# End of the Line Herd picture update



## StaceyRosado (Oct 5, 2007)

Aspen - 2 years old









Destiny 4 1/2 years old









Mia - 1 1/2 years old









Jasper - 1 1/2 years old









Flicka - 5 1/2









Misty 5 1/2 years old









Sweet Pea just under 2 years


----------



## enjoytheride (Oct 5, 2007)

So pretty and healthy looking- and no mud- I'm envious. No mud- the concept................


----------



## trob1 (Oct 5, 2007)

Everyone is in nice condition and look so good in their winter fluff.


----------



## Sweet Gum Minis (Oct 6, 2007)

They look so good Stacey! Jasper just has a "kiss me" face!


----------



## StaceyRosado (Oct 5, 2007)

enjoytheride said:


> So pretty and healthy looking- and no mud- I'm envious. No mud- the concept................


OH YES there is TONS of mud - I just took a picture when it dried out for 3 days and now we are back to MUD oh how I HATE MUD!!!!!

Thanks guys I am so pleased at how they look


----------



## alyssa_romine (Oct 5, 2007)

Your goats are looking awesome!!!!


----------



## liz (Oct 5, 2007)

Stacey, they all look so happy!! Thanks for sharing them.  

Misty and Jasper appear to be smiling for you! I can't wait to see their baby bellies in the next few months...mine are as "fluffy" as yours and it's super squishy half frozen muck here too! Yicky to try and get pre delivery hoof care done!


----------



## StaceyRosado (Oct 5, 2007)

I got half my herd done with their hooves - actually I like the wet for hoof trimming, makes for easier trimming


----------



## Crissa (Oct 7, 2007)

They look fantastic! I still love Mia, just beautiful coloring! How's Sweet Pea settling in?


----------



## liz (Oct 5, 2007)

Wet yes, mud and poop no! Just takes longer to wash their feet off...lol. Sweet Pea looks to have settled in very well, I'm glad to see that she's comfortable enough to munch and not worry about getting pushed around. BTW...who's your herd queen of the 6 girls?


----------



## getchagoat (Julie) (Oct 5, 2007)

Mia is adorable as always and Jasper is a cutie!


----------



## StaceyRosado (Oct 5, 2007)

Who is the herd queen of the 7? HAHA That would be Sweet Pea!

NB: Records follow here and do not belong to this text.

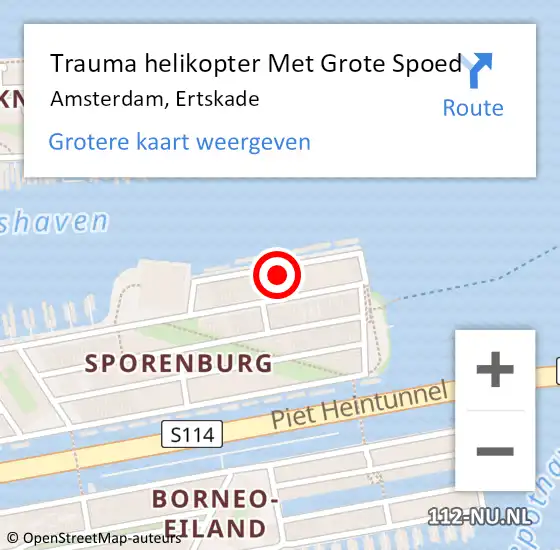 Locatie op kaart van de 112 melding: Trauma helikopter Met Grote Spoed Naar Amsterdam, Ertskade op 16 oktober 2021 09:29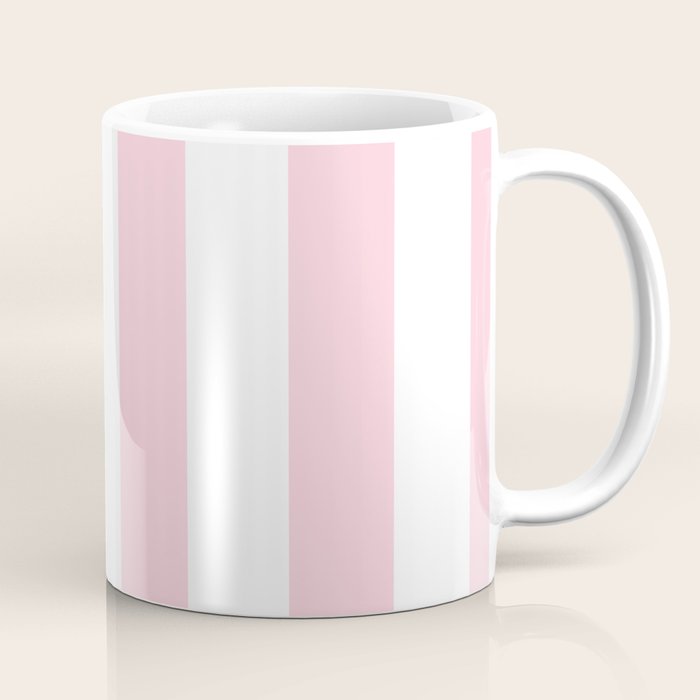 Light Soft Pastel Pink Beach Hut Stripes Coffee Mug Gallery Image 1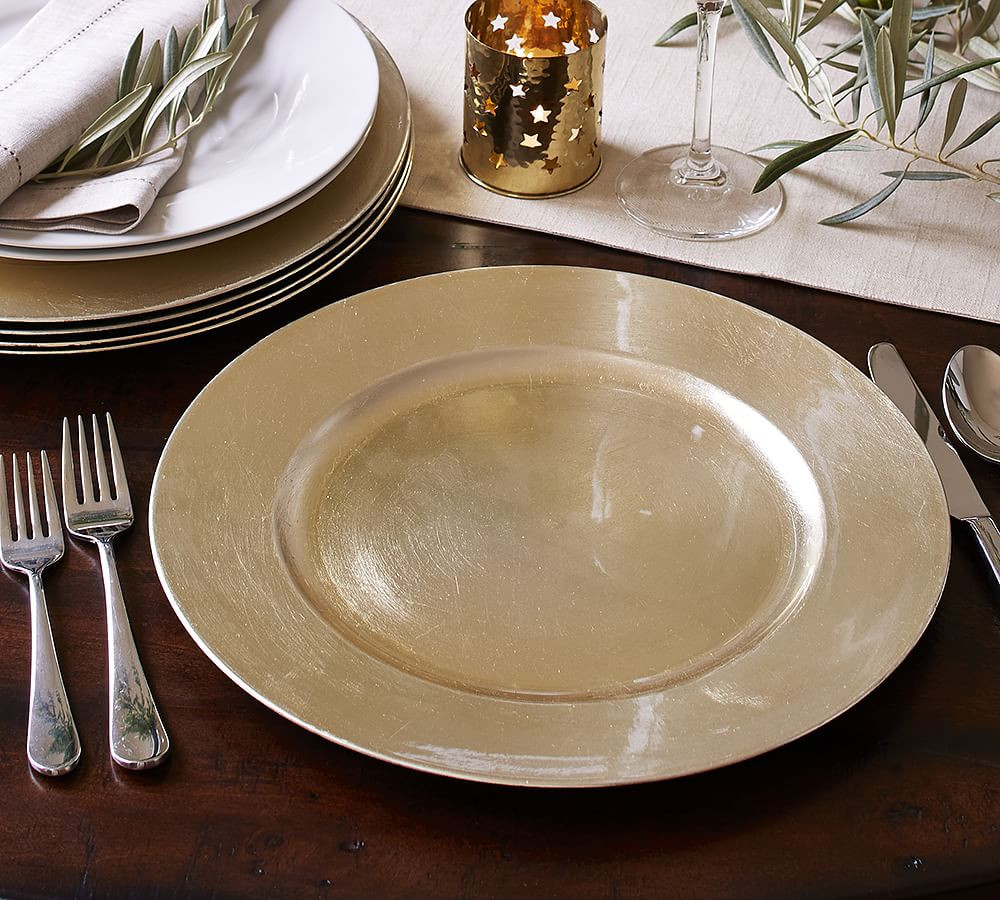 Caterer's Box Gilt Charger Plates - Set of 12 | Pottery Barn (US)
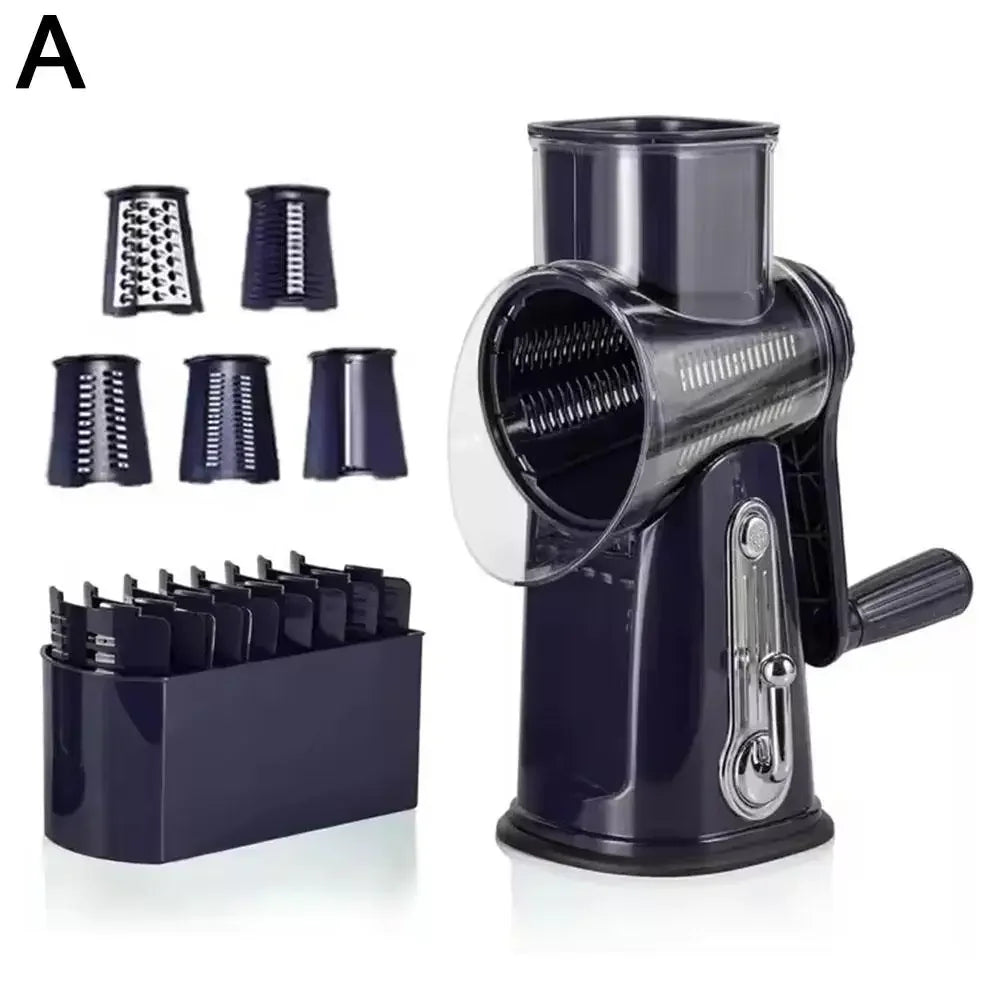 Multifunctional Manual Vegetable Slicer Cheese Grater Rotary Drum Grater Kitchen Tool for Veggie Chopping Food Shredding Y2B0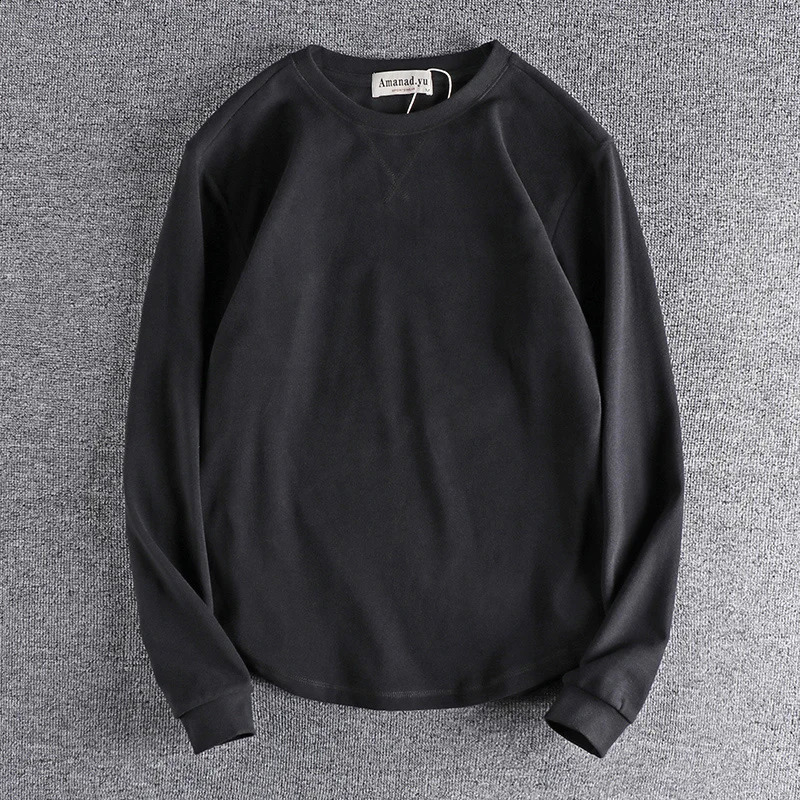 Autumn American Retro Long-sleeved O-neck Soild Color T-shirt Mens Fashion Simple 100% Cotton Washed Casual Sport Tops 240812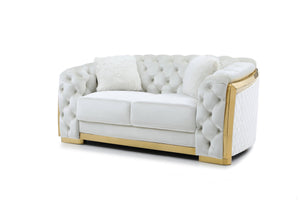 English Elm Lexi Plush Velvet Sofa with Button Tufting and Diamond Quilted Exterior, Welted Cushions & Throw Pillows Ivory 35 L x 30 W x 72 H B078P301022
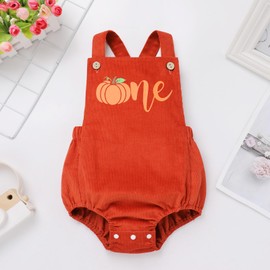 Our Little Pumpkin is Turning One Decorations Newborn Fall Outfits for Toddler Baby Bodysuit Romper Jumpsuit Cute Pumpkin Graphic Outfit Infant Photoshoot Party Crawling Suit Burnt Pumpkin 6-12 Months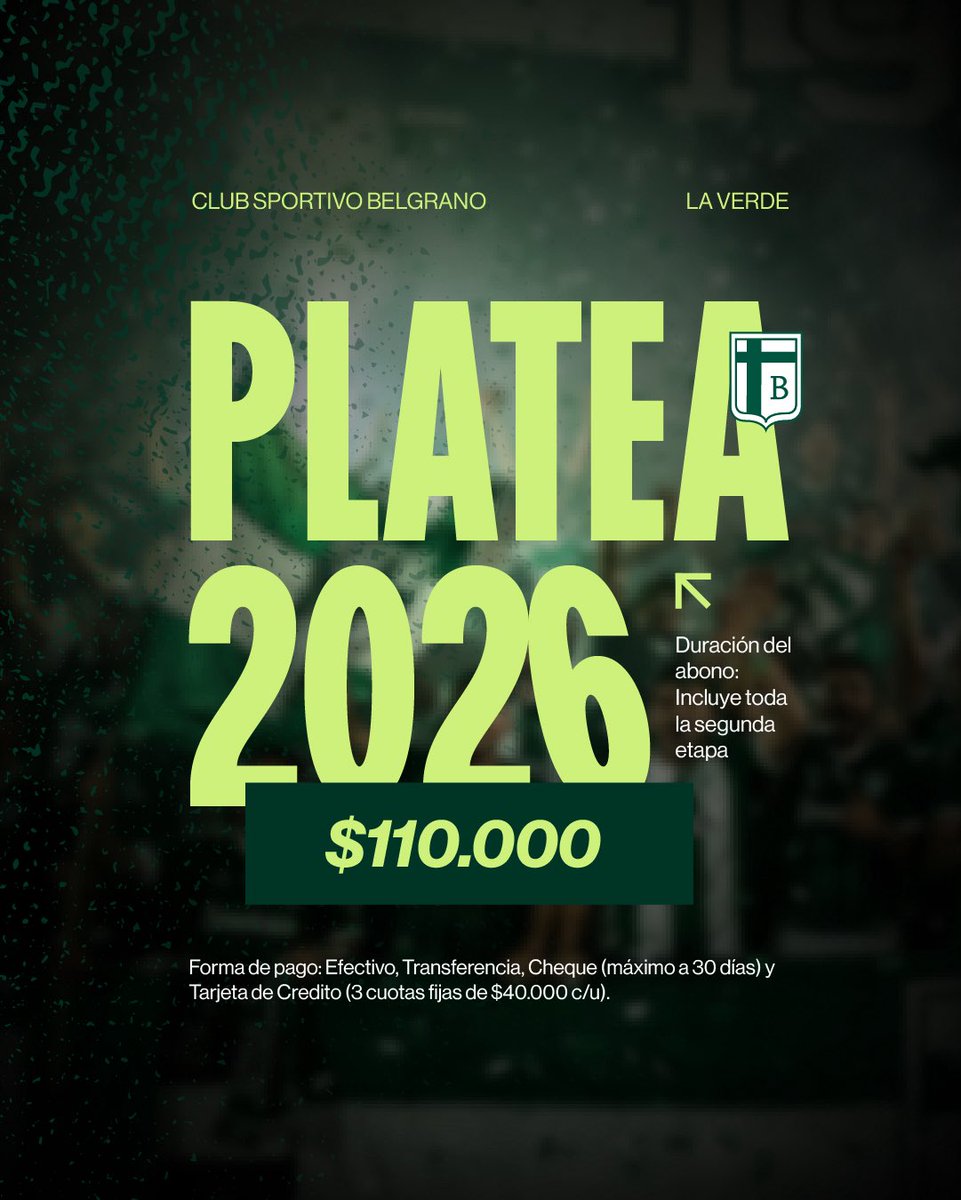 ClubSpBelgrano's tweet photo. SOCIOS • Tras la clasificación al nonagonal, renovamos la ilusión de cara a la segunda etapa.

Asegurá tu lugar, renová tu platea y vení a alentar a la Verde en busca del próximo objetivo.

¡Es #TodosJuntos! 💚

#ElAlmaPorLosColores https://t.co/ZIM4rXs0di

Here are their personalities:

Sweet Pea - Nasty and bossy, hates me
Misty - SP's buddy and cohert in crime, rather pushy
Flicka - Shy and always pushed around
Destiny - sweet and unasuming
Aspen - Lost in the middle, trying to warm up to me
Mia - Bratty as always - knows how to put on the charm when she needs it, she looks like an Angel but let me tell yah she ain't one!
Jasper - Stubborn and a brat as well


----------



## goat fever (Oct 18, 2007)

Nice looking goats. Are Misty and Jasper related? they look alike.


----------



## StaceyRosado (Oct 5, 2007)

nope Misty and Jasper are not related, they look simular in color but their build is way different. Jasper is more dairy while Misty is very much pygmy


----------



## mystic's_mom (Oct 5, 2007)

They all look really good!!! :greengrin:


----------



## StaceyRosado (Oct 5, 2007)

thank you - I am very proud of my little herd I must say so thanks for noticing


----------



## Hailee's Herd (Oct 5, 2007)

Cute pictures!


----------



## goathappy (Oct 5, 2007)

They all look great Stacey!! They are all just to cute


----------



## LiddleGoteGurl (Nov 29, 2007)

They are so pretty Stacey! You take such good care of your goats .


----------



## FarmGirl18 (Oct 5, 2007)

They look fantastic Stacey!


----------



## StaceyRosado (Oct 5, 2007)

why thank you guys


----------



## Muddy Creek Farm (Oct 5, 2007)

I missed this thread!! They look so good Stacey! I love Mia!


----------